Andrew Edlin Gallery is excited to announce that it has become the exclusive representative of the estate of Pearl Blauvelt (1893-1987), a self-taught American artist of Dutch ancestry whose entire body of work — a remarkable cache of drawings in graphite and colored pencil on ruled notebook paper — was discovered years after her death in a wooden box in her abandoned former home in northeastern Pennsylvania.
Now regarded as an emblematic outsider artist, Blauvelt’s images of people strolling along country lanes, horse-drawn carriages, railways tracks, banknotes, houses, furniture, and women’s undergarments, which she often labeled with precision and care, serve as the imaginative recollections of a woman who lived a humble life on the margins of mainstream society.
The gallery will showcase Blauvelt’s distinctive works, with their multiple perspectives, rich detail, and peculiar, X-ray-like, see-through views into the interiors of buildings, at the Outsider Art Fair Paris (October 17-20, 2019) and at next year’s Outsider Art Fair New York (January 16-19, 2020), as well as a forthcoming solo exhibition slated to open in December 2019. Blauvelt’s works have not been seen at the Outsider Art Fair in about a decade, although they were featured in several solo and group presentations at Kerry Schuss (most recently in 2018) and in Glossolalia: Languages of Drawing (2008), an exhibition at the Museum of Modern Art that brought together innovative forms of draftsmanship by both trained modern artists and their self-taught peers.

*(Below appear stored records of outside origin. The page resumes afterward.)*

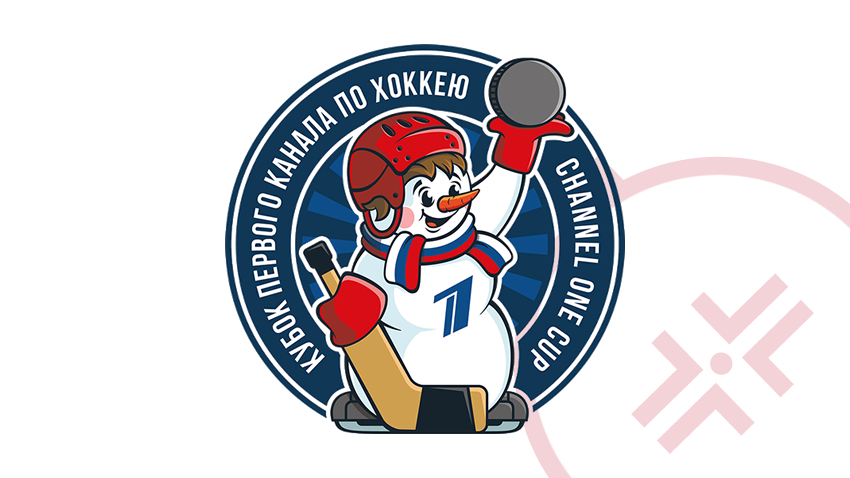 Матч Россия 25 — Казахстан в Новосибирске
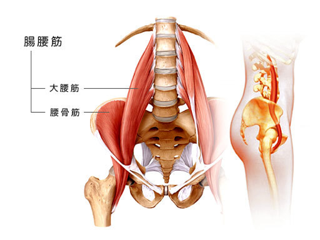 image-20140223062017.png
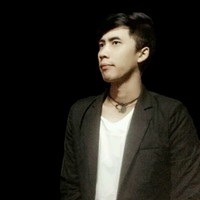 pyae sone phyo
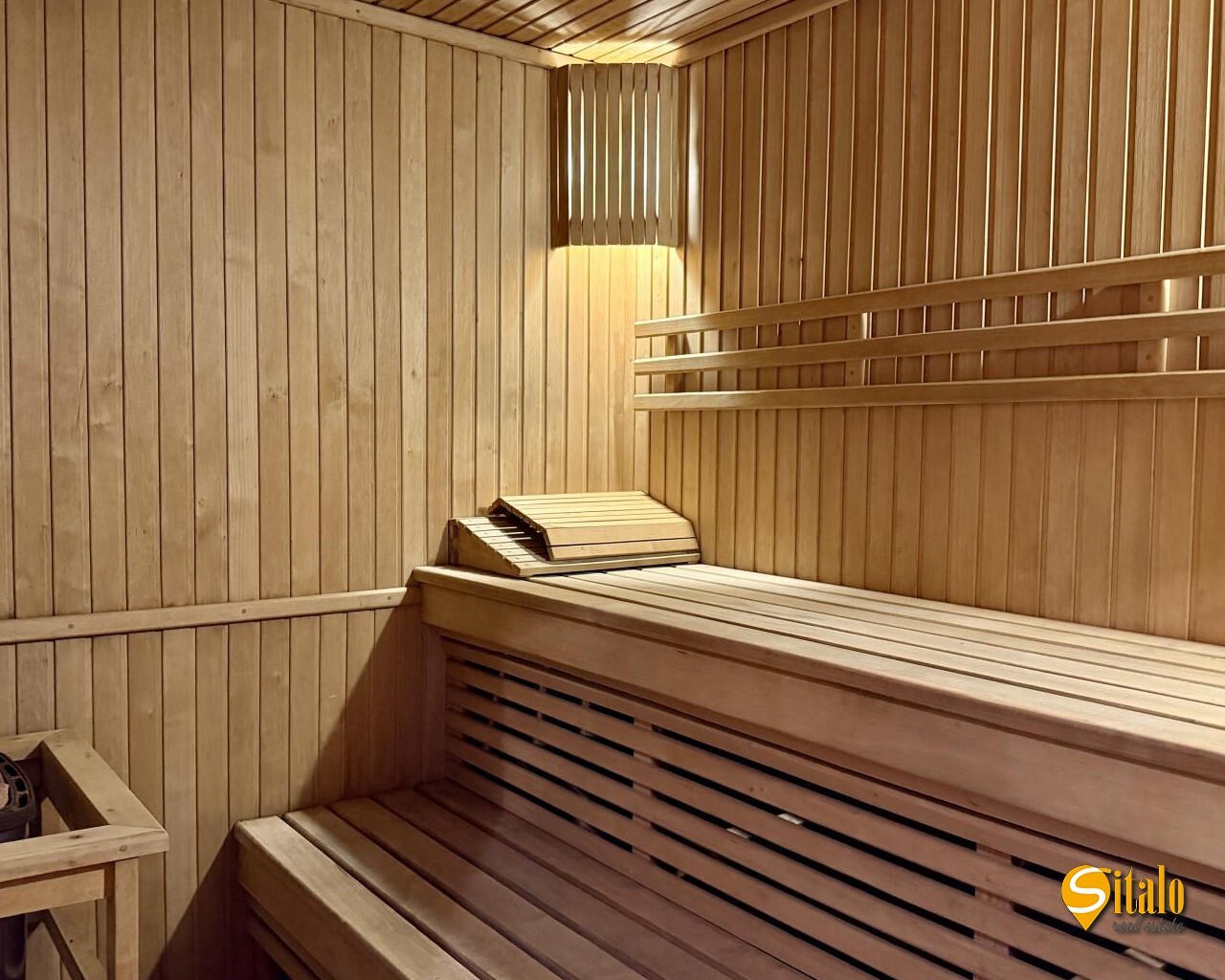 Продаж будинку 250 м², 133-я Садова вул.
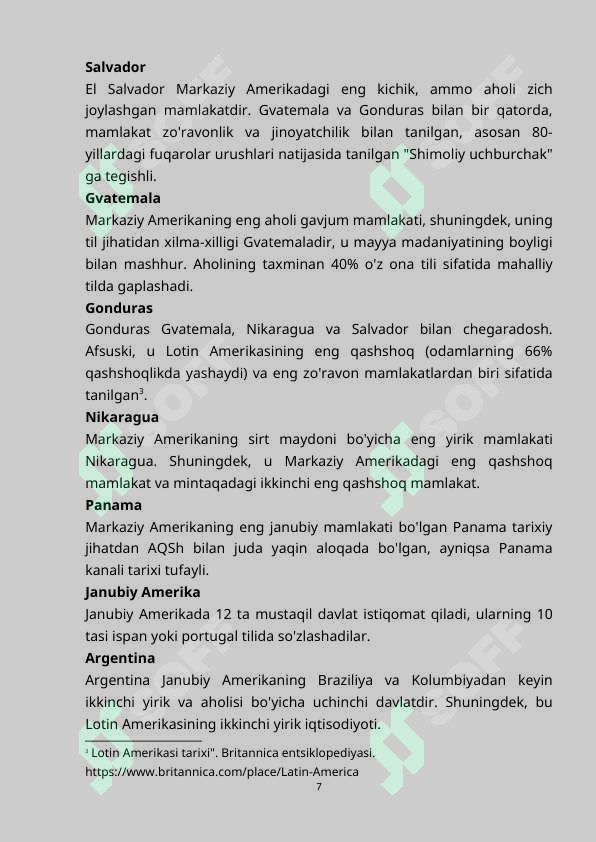 Product slide 7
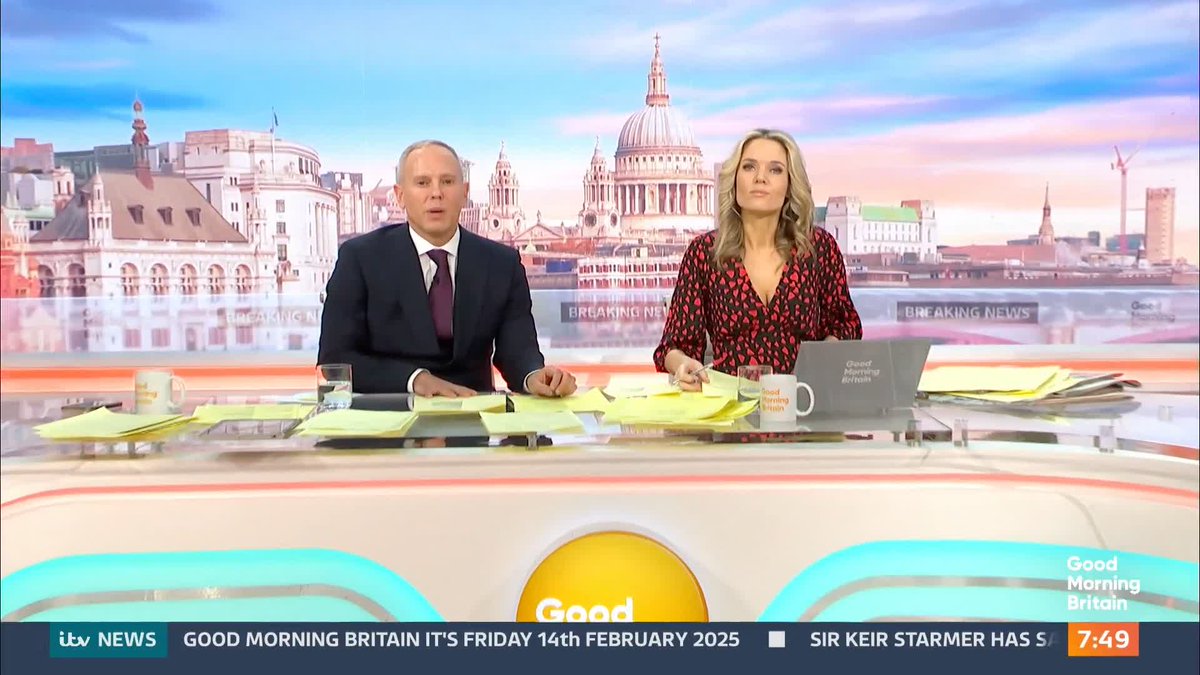 Breaking news: The Competition and Markets Authority (CMA) said parents could be saving £300 annually by switching to lower-priced brands that offered the same nutritional benefits.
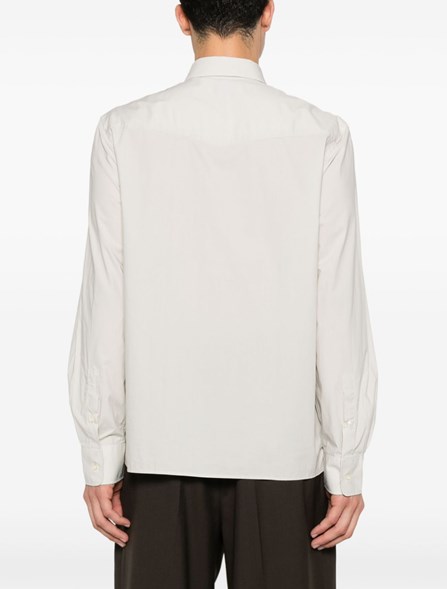 OFFICINE GENERALE - CAMICIA 'ELOI'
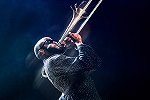 image for event Trombone Shorty & Orleans Avenue and Big Boi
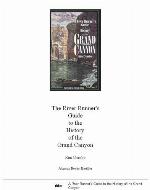 A River Runner's Guide to the History of the Grand Canyon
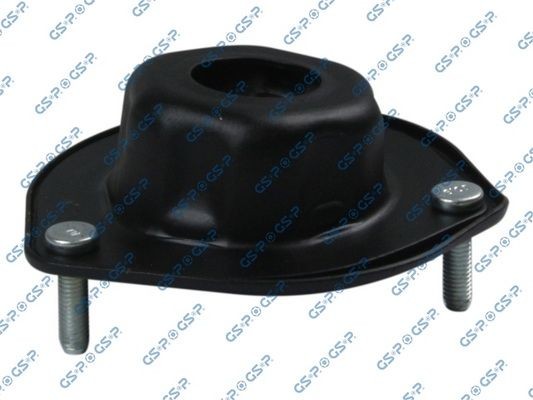 GSP Top strut mount Article number: 513191 cheaply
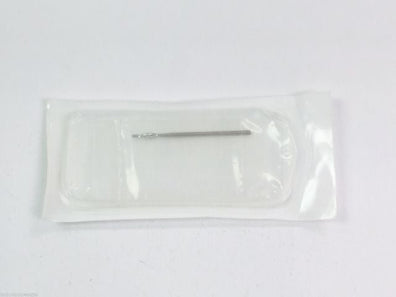 5300-10-133 ~ Stryker Swanson Pilot Point Bur Medium 3.0mm (x)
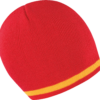 red-yellow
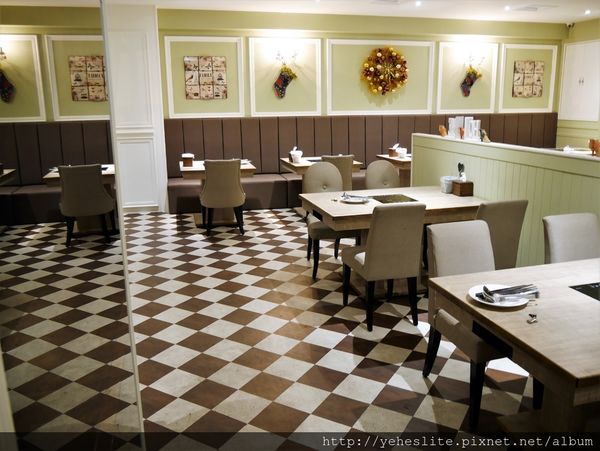 P1040570.JPG P1040570.JPG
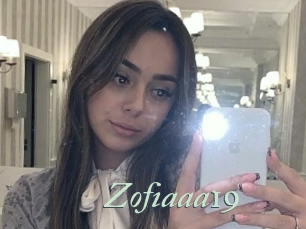 Zofiaaa19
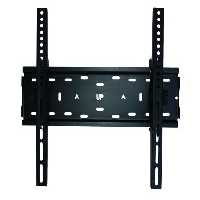 پایه دیواری ال سی دی ارم مدل TW-460 مناسب برای سایز 32 تا 65 اینچ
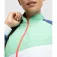 Siroko Scenic Erit jacket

The artist’s determination to accurately capture the proportions, shapes, and surface textures of her varied subjects with only the drawing materials available in her limited surroundings evokes a somewhat child-like approach. At the same time Blauvelt’s pictures are also marked by unexpected sophistication as she exaggerates the details of certain subjects or accentuates the sculptural qualities of others. In creating her neatly organized compositions, she often assigns biblical references to mundane events, and refers to images of products reproduced in mid-century mail-order catalogs.
Blauvelt’s Dutch ancestors settled in the Hudson Valley, north of New York City, and helped found the First Dutch Reformed Church in that region in the late 1600s. At some point in the early decades of the 20th century, the artist moved with her father to a house in a small town in northeastern Pennsylvania that was heated by a coal stove and had a pump in the kitchen that supplied water from a well in the backyard. This is where she spent most of her adult life. In the 1970s, she was moved to a mental facility outside of Scranton where she continued to draw until her death in 1987.
Blauvelt’s drawings were recently featured in Flying High: Women Artists of Art Brut, an exhibition presented earlier this year at the Bank Austria Kunstforum Wien in Vienna, and You Can’t Win: Jack Black’s America, a group exhibition this summer at Fortnight Institute in New York. Her work will also be included in Memory Palaces: Inside the Collection of Audrey B. Heckler, which opens at the American Folk Art Museum in New York on September 17, 2019.
The gallery’s involvement with the artist’s work comes at a time when keen interest in the contributions of a wide range of female artists and thinkers in the related art brut and outsider art fields has seized the imagination of collectors, critics, curators and artists around the world. Blauvelt’s works may be found in the collections of the Museum of Modern Art (New York), the Pennsylvania Academy of Fine Arts (Philadelphia), as well as in prominent private collections of art brut and outsider art in Europe and the United States).